*** Begin section ***

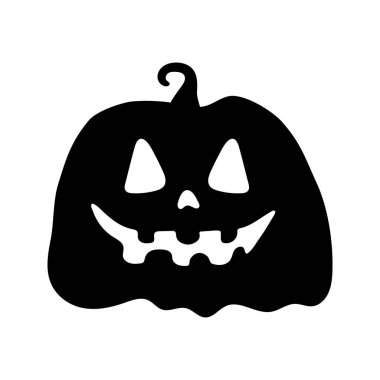 Funny pumpkin silhouette, isolated on white background. Vector illustration, traditional Halloween decorative element. Halloween silhouette black pumpkin head, Jack O Lantern for design or decor.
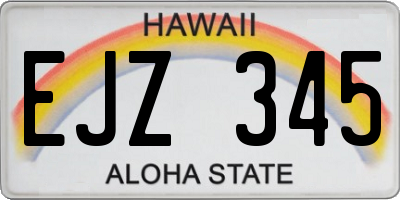 HI license plate EJZ345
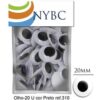 101445 Olho Móvel 20 mm Preto - NYBC PCT.C/100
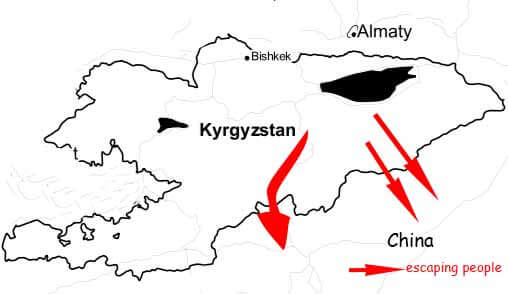 History of Kyrgyzstan. Map of the Grat Escape 1916.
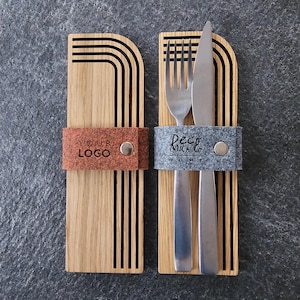 Wooden cutlery pouch, Personalized cutlery holder, Cafe Bar Restaurant cutlery organizer, Fork Knife Holder, Engraved cutlery case with logo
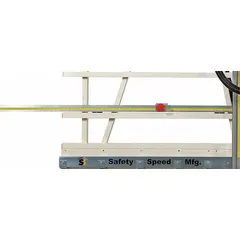This stop gauge serves as a positioning aid for accurate material stops on panel routers and panel saws. It helps operators achieve repeatable cuts in woodworking and panel processing applications.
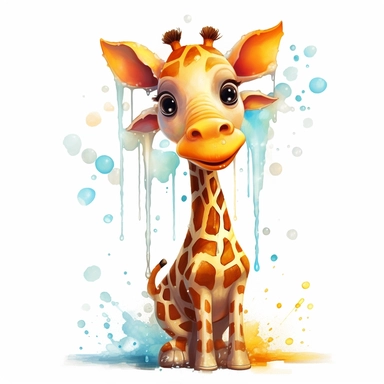 very sweet Giraffe, cute, nice, watersplash, White Background Clipart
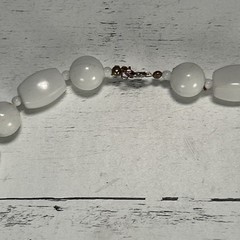 Vintage White Lucite Beaded Necklace 1970s-1980s Costume Jewelry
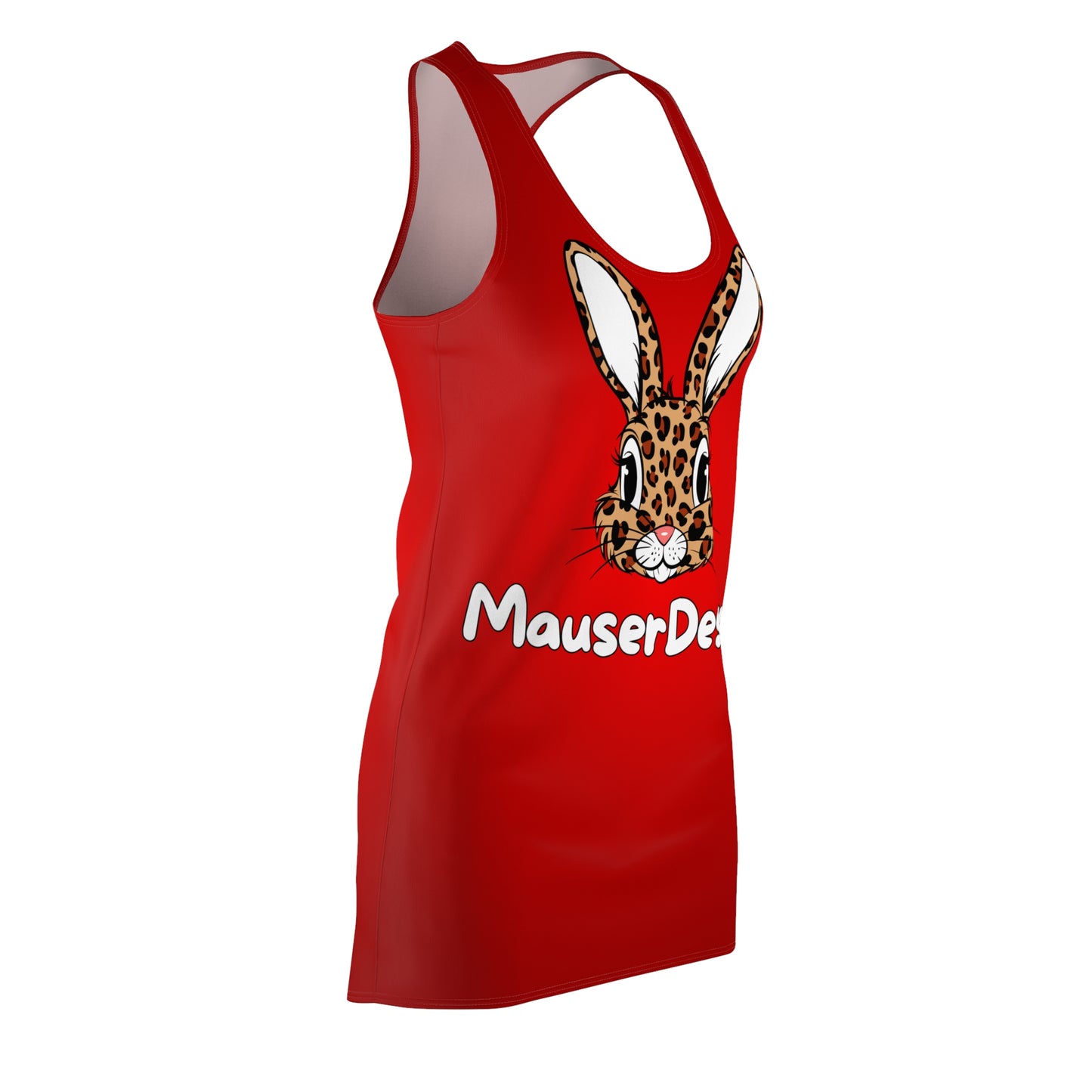 MauserDesign Damen Kleid mit Leopard Hasen Print Rot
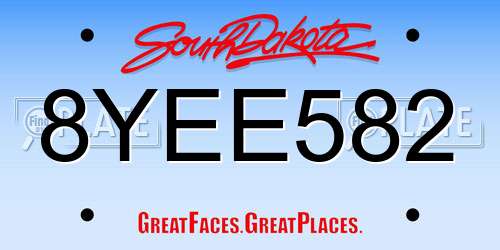 8YEE582 South Dakota License Plate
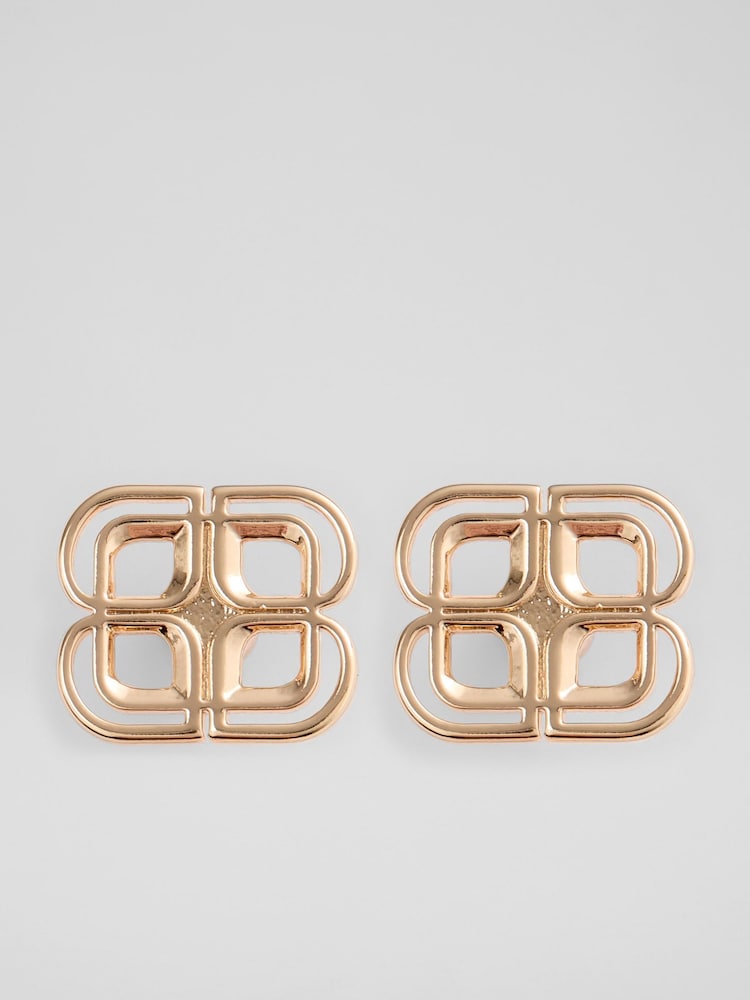 LK Bennett Metallic Logo Motif Stud Earrings - Image 2 of 4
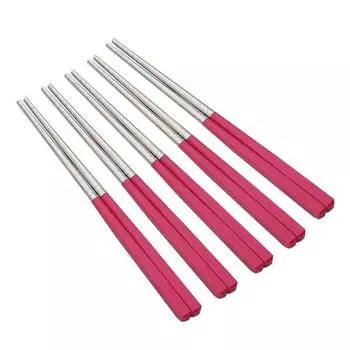 Детские палочки для еды Raonnuri Pick Me Color Basic, ярко-розовые, 5 шт.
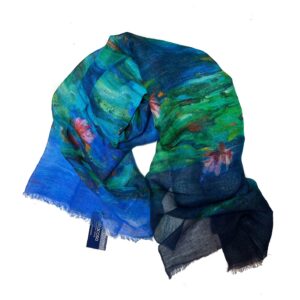 Blauwe Otracosa kunst sjaal van katoen met linnen, Monet waterlelies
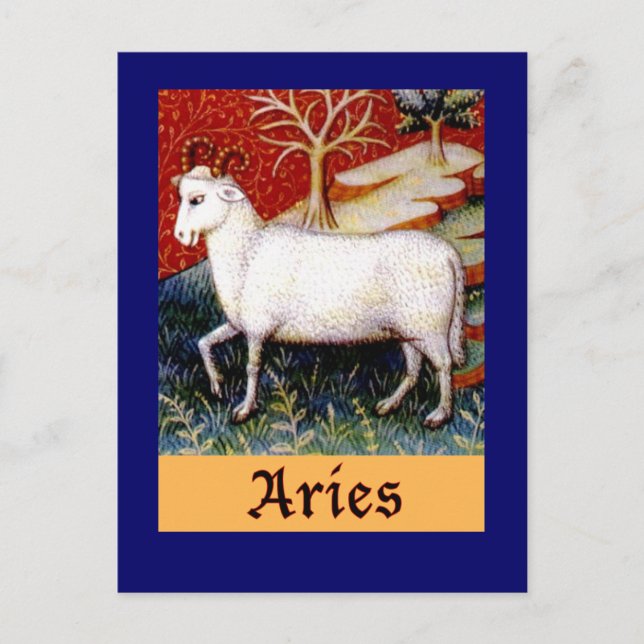 Aries Zodiac Vykort (Framsida)
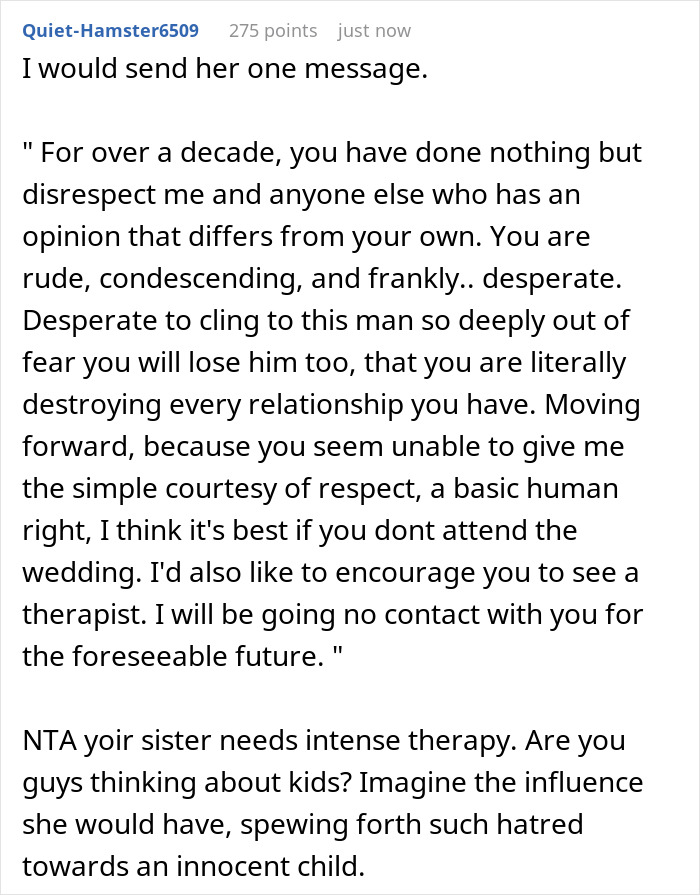 Reddit post discussing a bride refusing to let mom's hubby walk her down the aisle and sister's harsh reaction.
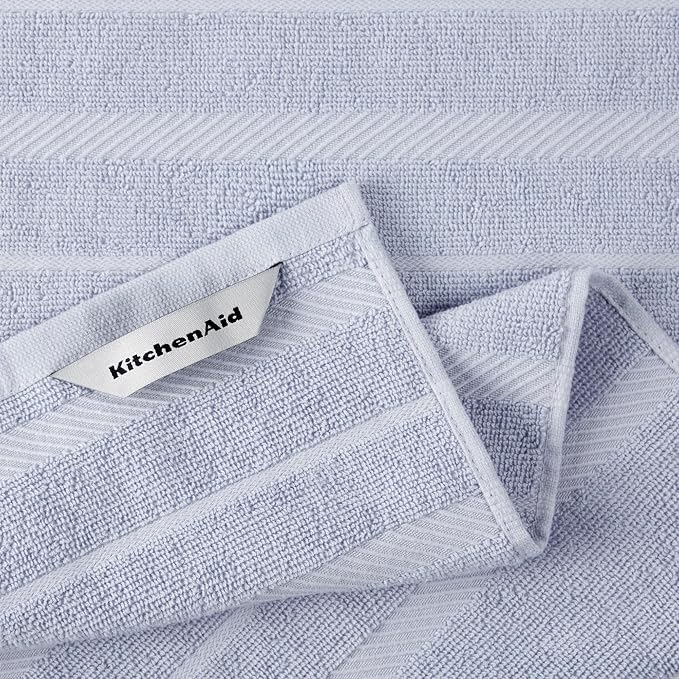 KitchenAid Albany Kitchen Towel 4-Pack Set, Lavender Cream/White - Image 3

*** End section ***

Work request:
Every line of the listing is to be retyped exactly; pictures stay out.

Result of this task:
 Funny pumpkin silhouette, isolated on white background. Vector illustration, traditional Halloween decorative element. Halloween silhouette black pumpkin head, Jack O Lantern for design or decor.
 HI license plate EJZ345
 101445 Olho Móvel 20 mm Preto - NYBC PCT.C/100
 History of Kyrgyzstan. Map of the Grat Escape 1916.
 Wooden cutlery pouch, Personalized cutlery holder, Cafe Bar Restaurant cutlery organizer, Fork Knife Holder, Engraved cutlery case with logo
This stop gauge serves as a positioning aid for accurate material stops on panel routers and panel saws. It helps operators achieve repeatable cuts in woodworking and panel processing applications.
 very sweet Giraffe, cute, nice, watersplash, White Background Clipart
 Vintage White Lucite Beaded Necklace 1970s-1980s Costume Jewelry
 MauserDesign Damen Kleid mit Leopard Hasen Print Rot
 8YEE582 South Dakota License Plate
 LK Bennett Metallic Logo Motif Stud Earrings - Image 2 of 4
 Детские палочки для еды Raonnuri Pick Me Color Basic, ярко-розовые, 5 шт.
 Blauwe Otracosa kunst sjaal van katoen met linnen, Monet waterlelies
 Aries Zodiac Vykort (Framsida)
 Reddit post discussing a bride refusing to let mom's hubby walk her down the aisle and sister's harsh reaction.
 KitchenAid Albany Kitchen Towel 4-Pack Set, Lavender Cream/White - Image 3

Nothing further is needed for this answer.